Dataset extract:
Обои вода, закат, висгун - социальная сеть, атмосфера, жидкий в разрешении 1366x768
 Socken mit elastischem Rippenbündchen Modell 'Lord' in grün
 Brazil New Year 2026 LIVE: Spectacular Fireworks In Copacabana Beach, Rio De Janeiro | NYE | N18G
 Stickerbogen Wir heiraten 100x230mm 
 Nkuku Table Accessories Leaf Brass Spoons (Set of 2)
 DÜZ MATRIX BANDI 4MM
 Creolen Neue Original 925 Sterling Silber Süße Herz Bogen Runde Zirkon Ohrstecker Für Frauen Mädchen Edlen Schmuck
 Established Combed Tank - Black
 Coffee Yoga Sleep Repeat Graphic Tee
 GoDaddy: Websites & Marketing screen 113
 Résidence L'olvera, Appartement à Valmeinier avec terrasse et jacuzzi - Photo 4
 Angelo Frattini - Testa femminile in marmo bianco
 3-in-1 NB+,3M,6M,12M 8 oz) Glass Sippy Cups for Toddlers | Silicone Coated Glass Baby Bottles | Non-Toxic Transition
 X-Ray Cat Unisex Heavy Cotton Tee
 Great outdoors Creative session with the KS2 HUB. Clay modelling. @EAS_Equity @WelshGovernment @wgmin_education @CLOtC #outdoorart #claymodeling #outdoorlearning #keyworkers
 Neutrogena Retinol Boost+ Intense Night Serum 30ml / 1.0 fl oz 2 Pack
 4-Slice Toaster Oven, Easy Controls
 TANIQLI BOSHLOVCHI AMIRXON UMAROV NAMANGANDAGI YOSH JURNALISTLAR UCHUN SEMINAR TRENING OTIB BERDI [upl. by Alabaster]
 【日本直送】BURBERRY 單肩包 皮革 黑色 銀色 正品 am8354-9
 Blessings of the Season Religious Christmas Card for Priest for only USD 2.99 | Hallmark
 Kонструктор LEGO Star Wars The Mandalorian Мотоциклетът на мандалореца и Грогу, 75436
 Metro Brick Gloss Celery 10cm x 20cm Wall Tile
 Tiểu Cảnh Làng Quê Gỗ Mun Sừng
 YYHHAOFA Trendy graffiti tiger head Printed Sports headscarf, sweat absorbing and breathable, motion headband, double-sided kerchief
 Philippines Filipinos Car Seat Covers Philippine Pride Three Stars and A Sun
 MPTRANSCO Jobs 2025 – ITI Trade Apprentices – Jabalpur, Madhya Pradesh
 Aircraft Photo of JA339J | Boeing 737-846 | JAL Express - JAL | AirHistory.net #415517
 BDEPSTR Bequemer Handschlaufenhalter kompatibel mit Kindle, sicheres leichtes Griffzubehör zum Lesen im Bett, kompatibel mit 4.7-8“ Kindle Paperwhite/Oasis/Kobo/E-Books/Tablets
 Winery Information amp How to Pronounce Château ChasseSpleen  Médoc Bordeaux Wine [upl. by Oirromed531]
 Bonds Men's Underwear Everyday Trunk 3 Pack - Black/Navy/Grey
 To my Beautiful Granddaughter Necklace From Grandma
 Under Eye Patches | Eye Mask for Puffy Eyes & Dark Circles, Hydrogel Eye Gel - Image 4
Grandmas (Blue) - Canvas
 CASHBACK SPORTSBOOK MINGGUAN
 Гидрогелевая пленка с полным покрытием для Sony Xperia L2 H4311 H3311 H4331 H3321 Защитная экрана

To do: Could you reproduce exactly the lines of the entries above, from the one with "Creolen Neue Original" through the one with "Philippines Filipinos Car", and nothing else?

Output:
 Creolen Neue Original 925 Sterling Silber Süße Herz Bogen Runde Zirkon Ohrstecker Für Frauen Mädchen Edlen Schmuck
 Established Combed Tank - Black
 Coffee Yoga Sleep Repeat Graphic Tee
 GoDaddy: Websites & Marketing screen 113
 Résidence L'olvera, Appartement à Valmeinier avec terrasse et jacuzzi - Photo 4
 Angelo Frattini - Testa femminile in marmo bianco
 3-in-1 NB+,3M,6M,12M 8 oz) Glass Sippy Cups for Toddlers | Silicone Coated Glass Baby Bottles | Non-Toxic Transition
 X-Ray Cat Unisex Heavy Cotton Tee
 Great outdoors Creative session with the KS2 HUB. Clay modelling. @EAS_Equity @WelshGovernment @wgmin_education @CLOtC #outdoorart #claymodeling #outdoorlearning #keyworkers
 Neutrogena Retinol Boost+ Intense Night Serum 30ml / 1.0 fl oz 2 Pack
 4-Slice Toaster Oven, Easy Controls
 TANIQLI BOSHLOVCHI AMIRXON UMAROV NAMANGANDAGI YOSH JURNALISTLAR UCHUN SEMINAR TRENING OTIB BERDI [upl. by Alabaster]
 【日本直送】BURBERRY 單肩包 皮革 黑色 銀色 正品 am8354-9
 Blessings of the Season Religious Christmas Card for Priest for only USD 2.99 | Hallmark
 Kонструктор LEGO Star Wars The Mandalorian Мотоциклетът на мандалореца и Грогу, 75436
 Metro Brick Gloss Celery 10cm x 20cm Wall Tile
 Tiểu Cảnh Làng Quê Gỗ Mun Sừng
 YYHHAOFA Trendy graffiti tiger head Printed Sports headscarf, sweat absorbing and breathable, motion headband, double-sided kerchief
 Philippines Filipinos Car Seat Covers Philippine Pride Three Stars and A Sun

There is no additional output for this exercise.